Umbria, primo via libera al Garante regionale dei diritti delle persone anziane

Un nuovo tassello nelle politiche regionali dedicate alla tutela delle fasce più fragili della popolazione. La Prima commissione dell’Assemblea legislativa dell’Umbria ha approvato nella seduta di ieri la proposta di legge che istituisce il Garante regionale dei diritti delle persone anziane, figura pensata per rafforzare gli strumenti di ascolto, vigilanza e promozione dei diritti in una fase della vita che, anche alla luce dei mutamenti demografici, chiede oggi risposte più strutturate e continuative.

Il testo, firmato dalla consigliera Bianca Maria Tagliaferri, ha ottenuto il via libera con cinque voti favorevoli della maggioranza e tre astensioni dell’opposizione. Relatrice in Aula sarà Maria Grazia Proietti. Prima del voto finale sono stati approvati anche nove emendamenti presentati dalla proponente, elaborati tenendo conto delle osservazioni tecniche contenute nelle istruttorie predisposte dagli uffici di Palazzo Cesaroni nelle sedute precedenti.

Una figura di garanzia per tutela, ascolto e orientamento

L’istituzione del Garante punta a dare alla Regione uno strumento più definito per accompagnare l’invecchiamento della popolazione con misure che non si limitino all’assistenza, ma che mettano al centro dignità, autonomia e piena partecipazione sociale. Nelle intenzioni del provvedimento, il nuovo organismo dovrà promuovere e tutelare i diritti fondamentali delle persone anziane, vigilando sull’applicazione delle norme regionali e nazionali e sul rispetto degli standard qualitativi dei servizi loro destinati.

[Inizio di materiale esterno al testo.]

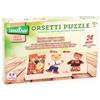 Globo Puzzle Legno Coppia Orsetti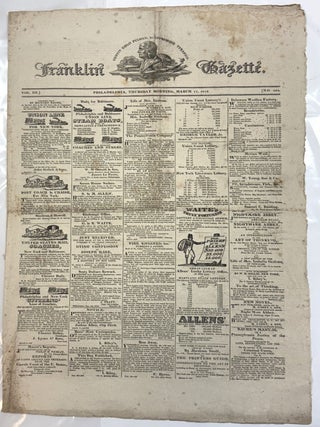 Item #40256 TWO ISSUES OF THE FRANKLIN GAZETTE, WITH ONE OF THE EARLIEST NOTICES OF THE UNITED...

Il profilo delineato dalla proposta di legge è ampio e tiene insieme più funzioni. Da una parte il Garante dovrà rappresentare un punto di riferimento concreto per anziani, familiari e associazioni, offrendo supporto, orientamento e capacità di interlocuzione con le istituzioni. Dall’altra sarà chiamato a svolgere un ruolo di impulso, formulando raccomandazioni e proposte agli organi regionali competenti per migliorare politiche e interventi destinati alla terza età.

Nel testo trovano spazio anche obiettivi molto netti sul piano della prevenzione: contrastare ogni forma di abuso, violenza fisica o psicologica, discriminazione economica e sociale. Una funzione che assume un peso particolare in una fase storica in cui la fragilità può tradursi, con maggiore frequenza, in isolamento, dipendenza e minore accesso ai diritti. In questo quadro, il Garante viene immaginato come una figura capace di tenere insieme tutela individuale e visione pubblica, intervenendo non solo sui casi critici, ma anche sul terreno della sensibilizzazione culturale.

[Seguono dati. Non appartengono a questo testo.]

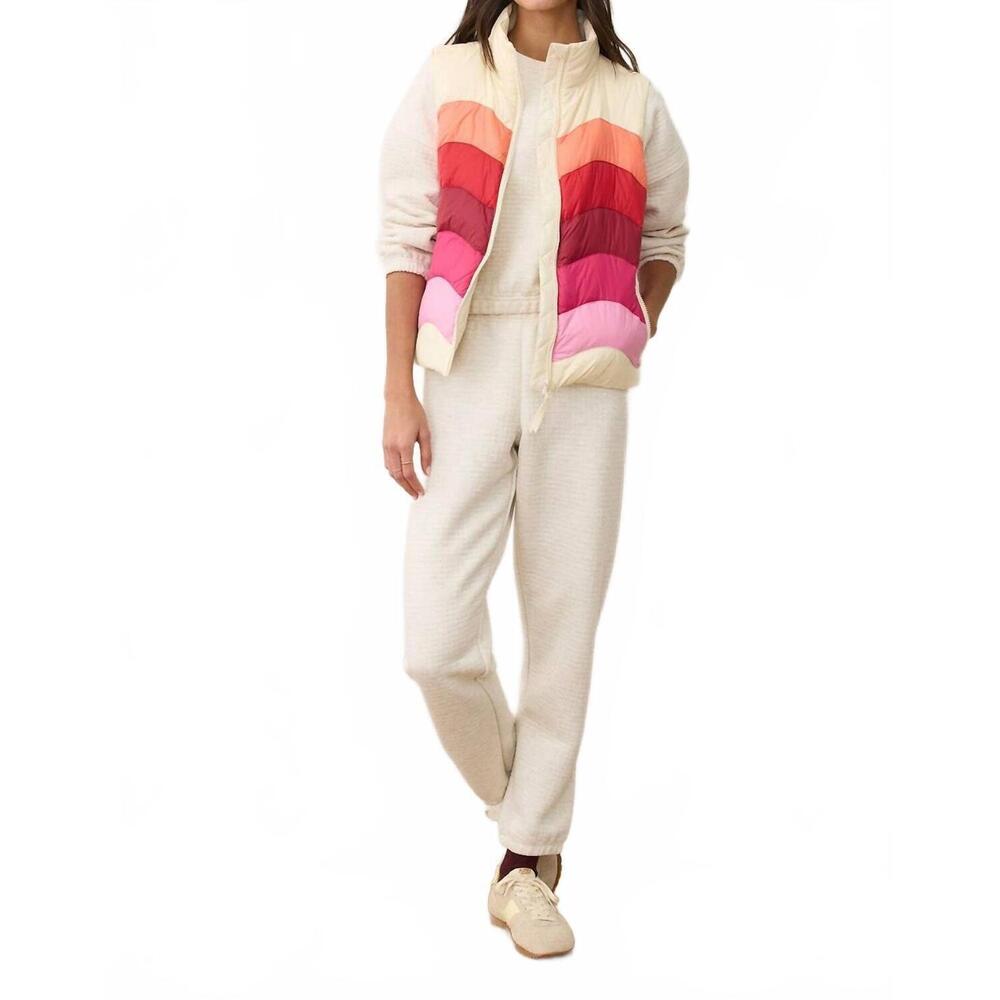 NEW MARINE LAYER sunset puffer vest in warm wave - Picture 5 of 6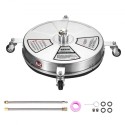 18 "Trykskive Surface Cleaner m/ hjul, Rustfrit stål betonrenser 4000 max psi, 1/4" Quick-Connect Connector W/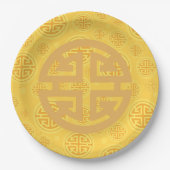 Chinese Prosperity Coin Symbol Pappteller (Vorderseite)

L’Umbria alle prese con una popolazione sempre più anziana

Il provvedimento nasce dentro un quadro demografico che rende il tema tutto fuorché secondario. Secondo le stime Istat richiamate nella relazione di accompagnamento, a gennaio 2025 in Umbria la popolazione con più di 65 anni rappresentava il 27,3 per cento del totale, con un incremento dello 0,9 per cento rispetto all’anno precedente. Un dato che colloca la regione al quinto posto in Italia tra quelle con la quota più alta di anziani.

Ancora più eloquente è l’indice di vecchiaia pari al 246,6 per cento, valore che equivale a quasi 25 anziani ogni 10 bambini. Numeri di questo tipo non raccontano soltanto una trasformazione statistica, ma impongono un ripensamento delle politiche pubbliche, dei servizi e dello stesso modo in cui le istituzioni leggono il rapporto tra età, diritti e partecipazione sociale. La proposta di legge si inserisce precisamente in questo spazio, provando a dare una risposta istituzionale stabile a una trasformazione già in atto.

Un passaggio politico che rafforza il welfare regionale

Nella relazione che accompagna il testo, la proposta viene definita un contributo importante al rafforzamento delle politiche di welfare regionale e alla costruzione di una società più equa e inclusiva. Il principio richiamato è quello del riconoscimento del valore intrinseco di ogni persona, a prescindere dall’età, come elemento che misura il livello di civiltà di una comunità e la qualità delle sue istituzioni.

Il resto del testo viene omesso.